Magnetism in Closed-shell Quantum Dots: Emergence of Magnetic Bipolarons

TL;DR

This paper predicts that closed-shell semiconductor quantum dots, traditionally considered nonmagnetic, can exhibit magnetism when doped with magnetic impurities, revealing a new magnetic ground state.

Contribution

It introduces the concept that magnetic impurities can induce magnetism in closed-shell quantum dots, challenging the assumption of their inherent nonmagnetic nature.

Findings

Emergence of a broken-symmetry magnetic ground state in doped closed-shell quantum dots.

Demonstration using a two-fermion model of the possibility of magnetism.

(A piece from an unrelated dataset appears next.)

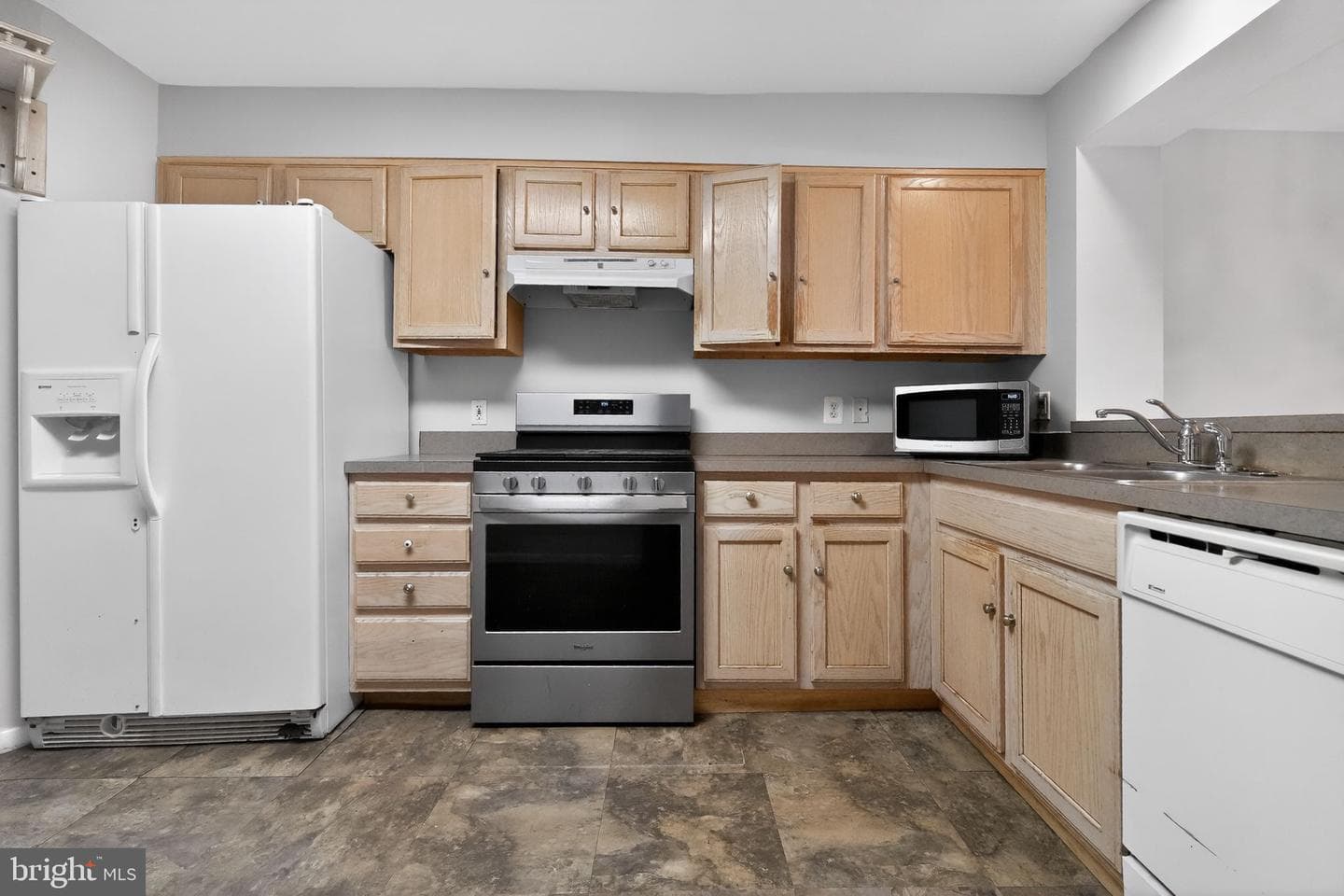 1718 Montana Avenue NE #1718 photo 6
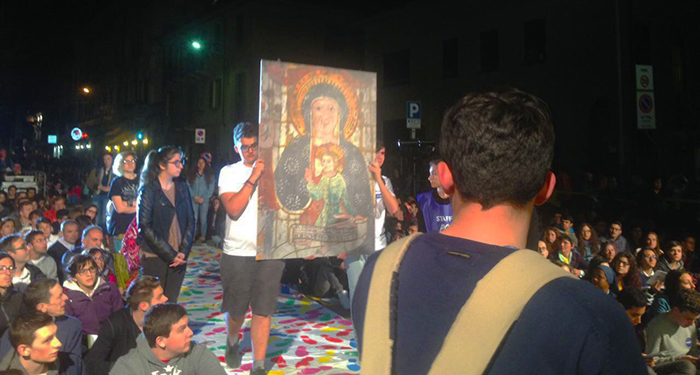 Via Rosmini trasformata in una Chiesa a cielo aperto per la Veglia delle Palme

Proposals for experimental verification of magnetic behavior in such dots.

Abstract

Similar to atoms and nuclei, semiconductor quantum dots exhibit formation of shells. Predictions of magnetic behavior of the dots are often based on the shell occupancies. Thus, closed-shell quantum dots are assumed to be inherently nonmagnetic. Here, we propose a possibility of magnetism in such dots doped with magnetic impurities. On the example of the system of two interacting fermions, the simplest embodiment of the closed-shell structure, we demonstrate the emergence of a novel broken-symmetry ground state that is neither spin-singlet nor spin-triplet. We propose experimental tests of our predictions and the magnetic-dot structures to perform them.